I'm trying to log into a webpage using python's request library. It doesn't work and I think the main issue is that I'm forgetting to send some information with the request, but unfortunately I don't know how to figure out what exactly is missing.
Important:
This question is not about how to use python to log in into a webpage (there are already enough other questions that answer this [see here, here, etc.]). I'd like to know how to figure out from a given HTML page what I need to send to pass a login screen.
Example
Regardless of that, I think an example can't hurt.

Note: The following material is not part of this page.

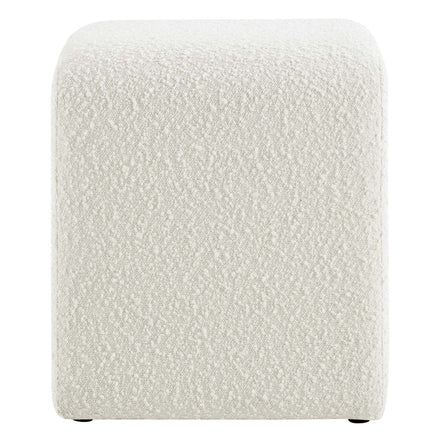 Simba Boucle Fabric Waterfall Stool in Ivory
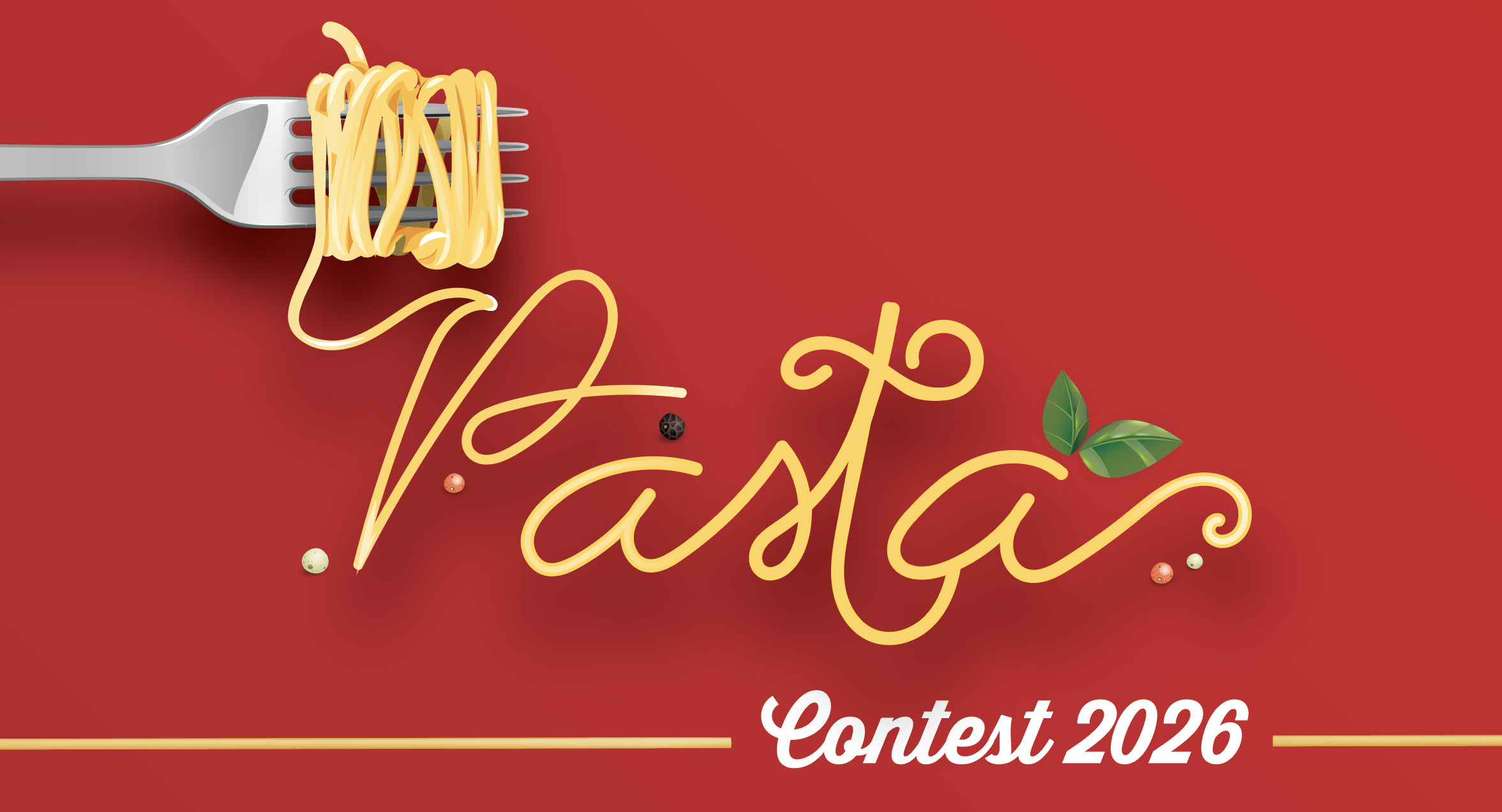 Banner for the upcoming Pasta Contest at the Museo. The image features a fork at the top left with spaghetti on it that spools out to spell the word "pasta" in the center of the image. At the bottom between two straight pieces of spaghetti the words "Contest 2026" are printed in white. This is all on top of a bright red backgroud.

The login I tried to pass is https://mangadex.org/login. Looking at the HTML I found
<input autofocus="" tabindex="1" type="text" name="login_username" id="login_username" class="form-control" placeholder="Username" required="">
<input tabindex="2" type="password" name="login_password" id="login_password" class="form-control" placeholder="Password" required="">
So my first attempt was:
import requests
url = 'https://mangadex.org/login'
payload = {'login_username' : 'XXXXXX',
'login_password' : 'YYYYYY'}
# Use 'with' to ensure the session context is closed after use.
with requests.Session() as s:
p = s.post(url, data=payload)
# print the html returned or something more intelligent to see if it's a successful login page.
print p.text
Unfortunately I just get redirected to the login screen. So there seems to be something "hidden" that gets send along the log-in information as suggested here, see step 1.3. The issue is that I don't really know if the above website has something like this (there were some hidden fields, but they don't seem to be involved in the log in process). If not, I really don't understand how I'm supposed to figure out what is missing.
TL;DR:
Given the html code of a webpage, how do I figure out from the html code what information is necessary to be sent to the website to successfully log in?